Data Loss or Downtime

  • Comments posted to this topic are about the item Data Loss or Downtime

  • Being slightly pedantic I think the question:

    So what is more important to you: downtime or data loss?

    is wrong and not a reflection on the spirit of the article, more correctly it should be along the lines of:

    So what is more important to you: downtime or partial/non-current data?

    But, in answer to the spirit of the article, the answer is as always, it depends :). I can think of several of the systems I have written/support that could function on a partial, non current data set, and others that are completely dependant upon the results that have happened within tens of seconds before. I think the defining requirement is to understand how the customer works with a system and the impacts of all scenarios such that some form of SLA is in place which allows the most efficient and cost effective re-instation of a fully working system.

  • Hi,

    It depends on the nature of the system. I work in a financial institute with a lot of trading; in a downtime vs. partial data loss situation business has to weigh the cost of being down until the data is recovered, risk of reputational loss and increased revenue loss against a smaller risk of reputational loss and less loss of revenue with partial data.

    In most cases (in this scenario) it would be better to accept a partial data loss until it can be recovered, and get business up and running to mitigate the additional reputational and financial loss.

  • It depends. Among other things it depends on what data is going to be missing.

    Thinking back to the bank there were some tables that we could do without during business hours but were critical for the overnight processes. There were other tables that we could do without for 3 weeks, but they had to be there (and complete) during the last week of the month. There were other tables where if the information in there was incomplete it was worse than if the system was completely offline.

    Gail Shaw
    Microsoft Certified Master: SQL Server, MVP, M.Sc (Comp Sci)
    SQL In The Wild: Discussions on DB performance with occasional diversions into recoverability

    We walk in the dark places no others will enter
    We stand on the bridge and no one may pass
  • Hello!

    To me, the strategy that I have followed is:

    1. Get the database online as soon as possible - non-current data allowed

    2. Attempt to restore the most-recent data first - mostly OLTP systems need transactions from within the last month 80% of the time

    3. Attempt to restore the history data - the rest of the 80% data, used 20% of the time

    Going side-track here, but I find the above strategy useful in data cleanup projects as well.

    Have a great day!

    Thanks & Regards,
    Nakul Vachhrajani.
    http://nakulvachhrajani.com

    Follow me on
    Twitter: @sqltwins

  • Fortunately our OLTP Database fits on one tape, we also restore to a backup database for immediate rollover in case of failure.

    However recently we were hacked and although our DB was untouched some system files were corrupted so we could not load the DB.

    We dump all our major files to csv files overnight from our OLTP DB and these were initially used as a psuedo Datawarehouse until we got our current full blown MS SQL version. Because these files were available we knew our customers addresses, we knew what stock we had, we knew where the stock was and we knew all the prices.
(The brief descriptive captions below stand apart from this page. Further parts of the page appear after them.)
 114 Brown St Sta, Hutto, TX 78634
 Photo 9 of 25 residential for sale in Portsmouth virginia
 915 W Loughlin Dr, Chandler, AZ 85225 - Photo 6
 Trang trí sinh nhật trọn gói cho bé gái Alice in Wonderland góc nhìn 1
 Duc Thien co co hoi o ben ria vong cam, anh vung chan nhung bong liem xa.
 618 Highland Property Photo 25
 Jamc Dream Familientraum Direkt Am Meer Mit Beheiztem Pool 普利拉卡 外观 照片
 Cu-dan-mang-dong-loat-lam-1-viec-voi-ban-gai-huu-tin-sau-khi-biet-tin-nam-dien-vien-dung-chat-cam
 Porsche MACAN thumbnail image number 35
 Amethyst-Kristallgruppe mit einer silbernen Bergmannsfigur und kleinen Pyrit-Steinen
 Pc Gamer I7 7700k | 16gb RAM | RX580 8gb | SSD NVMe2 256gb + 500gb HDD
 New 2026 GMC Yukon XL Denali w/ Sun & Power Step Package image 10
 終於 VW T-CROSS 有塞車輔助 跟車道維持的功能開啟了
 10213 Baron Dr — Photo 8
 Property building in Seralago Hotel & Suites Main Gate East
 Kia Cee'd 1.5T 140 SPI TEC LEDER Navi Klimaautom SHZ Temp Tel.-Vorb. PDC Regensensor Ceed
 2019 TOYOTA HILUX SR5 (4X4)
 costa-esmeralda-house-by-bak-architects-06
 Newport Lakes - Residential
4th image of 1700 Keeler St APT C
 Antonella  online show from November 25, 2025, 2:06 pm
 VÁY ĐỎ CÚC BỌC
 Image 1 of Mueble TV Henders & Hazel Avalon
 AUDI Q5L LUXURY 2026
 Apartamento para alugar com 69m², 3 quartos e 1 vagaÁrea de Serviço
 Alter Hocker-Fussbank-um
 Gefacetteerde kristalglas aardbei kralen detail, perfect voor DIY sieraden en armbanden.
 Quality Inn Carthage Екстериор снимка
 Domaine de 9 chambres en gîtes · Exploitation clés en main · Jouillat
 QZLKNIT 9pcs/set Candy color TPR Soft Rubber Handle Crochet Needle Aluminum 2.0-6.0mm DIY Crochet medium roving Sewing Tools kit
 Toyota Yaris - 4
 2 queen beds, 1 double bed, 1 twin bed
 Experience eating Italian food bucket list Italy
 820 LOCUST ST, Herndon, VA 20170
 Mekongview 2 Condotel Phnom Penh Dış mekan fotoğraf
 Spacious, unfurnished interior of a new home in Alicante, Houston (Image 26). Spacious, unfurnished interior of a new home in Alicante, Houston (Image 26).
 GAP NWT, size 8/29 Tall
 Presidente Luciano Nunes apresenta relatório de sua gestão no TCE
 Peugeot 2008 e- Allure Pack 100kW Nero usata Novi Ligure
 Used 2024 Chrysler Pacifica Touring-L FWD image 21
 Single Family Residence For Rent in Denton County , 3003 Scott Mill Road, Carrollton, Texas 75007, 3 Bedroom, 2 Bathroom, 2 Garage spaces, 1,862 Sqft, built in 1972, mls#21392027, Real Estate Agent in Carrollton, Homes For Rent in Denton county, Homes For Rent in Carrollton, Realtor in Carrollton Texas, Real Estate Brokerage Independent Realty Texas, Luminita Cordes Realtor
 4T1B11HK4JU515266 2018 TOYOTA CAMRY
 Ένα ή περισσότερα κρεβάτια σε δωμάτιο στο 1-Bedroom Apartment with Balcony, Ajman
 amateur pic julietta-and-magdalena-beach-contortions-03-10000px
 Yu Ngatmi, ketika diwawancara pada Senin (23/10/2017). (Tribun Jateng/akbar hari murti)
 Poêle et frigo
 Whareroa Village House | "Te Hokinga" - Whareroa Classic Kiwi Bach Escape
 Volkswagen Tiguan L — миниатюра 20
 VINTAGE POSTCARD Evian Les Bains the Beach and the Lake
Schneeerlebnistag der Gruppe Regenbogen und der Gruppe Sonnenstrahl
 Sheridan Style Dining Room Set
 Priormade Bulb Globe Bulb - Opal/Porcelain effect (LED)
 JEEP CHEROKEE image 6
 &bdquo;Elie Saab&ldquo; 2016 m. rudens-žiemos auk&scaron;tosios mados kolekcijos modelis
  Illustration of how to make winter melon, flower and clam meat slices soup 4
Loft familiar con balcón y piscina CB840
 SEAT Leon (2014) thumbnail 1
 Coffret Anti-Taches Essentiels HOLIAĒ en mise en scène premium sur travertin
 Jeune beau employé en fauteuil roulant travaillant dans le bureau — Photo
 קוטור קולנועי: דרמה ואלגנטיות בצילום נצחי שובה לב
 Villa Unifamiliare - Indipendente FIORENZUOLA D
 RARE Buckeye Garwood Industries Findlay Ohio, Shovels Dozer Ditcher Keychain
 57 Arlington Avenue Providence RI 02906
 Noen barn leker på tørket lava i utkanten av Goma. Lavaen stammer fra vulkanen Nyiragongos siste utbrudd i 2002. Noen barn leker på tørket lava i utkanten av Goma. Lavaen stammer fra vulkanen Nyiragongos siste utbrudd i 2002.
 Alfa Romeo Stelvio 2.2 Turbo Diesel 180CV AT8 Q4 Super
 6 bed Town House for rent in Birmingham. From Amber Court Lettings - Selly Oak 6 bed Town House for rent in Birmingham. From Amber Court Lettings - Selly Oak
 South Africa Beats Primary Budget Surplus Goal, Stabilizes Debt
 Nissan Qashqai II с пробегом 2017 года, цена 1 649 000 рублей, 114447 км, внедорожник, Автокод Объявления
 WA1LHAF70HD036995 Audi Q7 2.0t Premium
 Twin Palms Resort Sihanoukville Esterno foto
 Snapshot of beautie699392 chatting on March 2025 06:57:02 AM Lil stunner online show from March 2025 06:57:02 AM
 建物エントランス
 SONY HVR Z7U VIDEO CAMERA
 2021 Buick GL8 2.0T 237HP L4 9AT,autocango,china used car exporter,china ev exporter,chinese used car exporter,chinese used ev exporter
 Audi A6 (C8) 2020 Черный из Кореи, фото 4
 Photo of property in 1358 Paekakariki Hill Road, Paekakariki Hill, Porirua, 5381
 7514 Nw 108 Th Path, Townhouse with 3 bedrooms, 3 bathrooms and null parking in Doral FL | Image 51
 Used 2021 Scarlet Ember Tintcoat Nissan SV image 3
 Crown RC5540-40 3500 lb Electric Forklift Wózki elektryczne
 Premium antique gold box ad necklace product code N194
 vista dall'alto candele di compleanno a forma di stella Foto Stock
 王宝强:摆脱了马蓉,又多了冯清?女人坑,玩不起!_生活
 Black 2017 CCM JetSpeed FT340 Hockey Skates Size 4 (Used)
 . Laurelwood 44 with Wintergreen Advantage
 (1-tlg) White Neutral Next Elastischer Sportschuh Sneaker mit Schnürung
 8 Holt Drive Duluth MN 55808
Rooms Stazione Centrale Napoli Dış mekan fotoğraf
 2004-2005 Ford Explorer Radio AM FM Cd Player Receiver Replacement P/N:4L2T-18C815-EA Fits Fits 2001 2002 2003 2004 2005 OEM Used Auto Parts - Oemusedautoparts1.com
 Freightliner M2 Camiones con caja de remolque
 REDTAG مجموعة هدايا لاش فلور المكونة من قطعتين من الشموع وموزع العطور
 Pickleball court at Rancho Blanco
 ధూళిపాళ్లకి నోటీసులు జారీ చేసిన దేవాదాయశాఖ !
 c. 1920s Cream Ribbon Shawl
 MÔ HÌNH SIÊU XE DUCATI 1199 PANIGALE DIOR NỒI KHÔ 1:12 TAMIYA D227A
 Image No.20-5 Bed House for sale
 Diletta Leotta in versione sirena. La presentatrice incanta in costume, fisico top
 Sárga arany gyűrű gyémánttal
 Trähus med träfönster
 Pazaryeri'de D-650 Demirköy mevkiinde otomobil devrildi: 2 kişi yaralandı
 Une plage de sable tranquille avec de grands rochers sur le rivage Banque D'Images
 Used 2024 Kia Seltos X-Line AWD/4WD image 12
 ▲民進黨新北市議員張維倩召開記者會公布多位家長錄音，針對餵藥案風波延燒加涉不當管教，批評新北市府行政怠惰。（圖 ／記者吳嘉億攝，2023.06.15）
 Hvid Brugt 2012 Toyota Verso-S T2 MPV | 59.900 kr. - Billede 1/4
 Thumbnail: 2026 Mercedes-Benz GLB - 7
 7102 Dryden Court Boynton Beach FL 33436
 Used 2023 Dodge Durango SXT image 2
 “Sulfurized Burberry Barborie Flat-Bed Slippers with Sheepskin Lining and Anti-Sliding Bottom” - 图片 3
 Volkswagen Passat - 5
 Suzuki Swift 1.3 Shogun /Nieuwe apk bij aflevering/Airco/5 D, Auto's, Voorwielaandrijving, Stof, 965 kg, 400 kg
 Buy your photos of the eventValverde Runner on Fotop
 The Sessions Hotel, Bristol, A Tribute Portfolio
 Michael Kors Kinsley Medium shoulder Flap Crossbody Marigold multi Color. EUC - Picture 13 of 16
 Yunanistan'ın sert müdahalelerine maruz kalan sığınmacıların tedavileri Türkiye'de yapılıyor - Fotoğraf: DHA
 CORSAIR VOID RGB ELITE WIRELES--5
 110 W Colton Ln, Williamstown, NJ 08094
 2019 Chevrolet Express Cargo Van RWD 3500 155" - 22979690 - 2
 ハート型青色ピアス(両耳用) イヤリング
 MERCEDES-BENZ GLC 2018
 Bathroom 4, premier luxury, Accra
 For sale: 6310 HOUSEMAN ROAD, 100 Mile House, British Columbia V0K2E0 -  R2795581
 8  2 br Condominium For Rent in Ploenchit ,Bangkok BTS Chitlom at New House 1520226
    Now it wasn't as smooth and efficient as normal trading and the system says we didn't process anything that day but we got all the orders out that were due out. So the impact to the business was minimal and once the system files were restored all was well.

    So how well you prepare for downtime is as important as getting the data back.

  • It Depends...

    Like i use to work on the product which shows up the prices and then people do the purchasing from there.

    so if i make the thinks online without taking the downtime then may be customers will see the bad prices and which can create a bad impact over my site just because of the bad data.So its better that i take the downtime and then recover all of my data and then make the things back to normal again.

    Thanks

    Vineet

  • Obviously, I want my cake and I want to eat it too (and I'll have as much of yours as I can)... or at least that's how most businesses would approach it.

    When I'm setting up DR for various systems, I ask the business, how much data loss are you prepared to handle? My assumption is, if stuff goes south, you're going to lose data. So then, it's a question of minimizing down time. yeah, I try to get after the data too, but if an app is mission critical, the question quickly comes up, everyone off line, or one user with incomplete data? I know how most businesses are going to answer that one.

    "The credit belongs to the man who is actually in the arena, whose face is marred by dust and sweat and blood"
    - Theodore Roosevelt

    Author of:
    SQL Server Execution Plans
    SQL Server Query Performance Tuning

  • Nakul Vachhrajani (1/7/2011)


    Hello!

    To me, the strategy that I have followed is:

    1. Get the database online as soon as possible - non-current data allowed

    2. Attempt to restore the most-recent data first - mostly OLTP systems need transactions from within the last month 80% of the time

    3. Attempt to restore the history data - the rest of the 80% data, used 20% of the time

    Going side-track here, but I find the above strategy useful in data cleanup projects as well.

    Have a great day!

    I agree with Nakul here. In most cases I'll go out on a limb and say uptime is more important than retrieving your existing data. I say that because downtime is putting future revenue at risk (assuming your system is revenue generating). At least if the system is up, even in a hobbled state and empty, future transactions can process.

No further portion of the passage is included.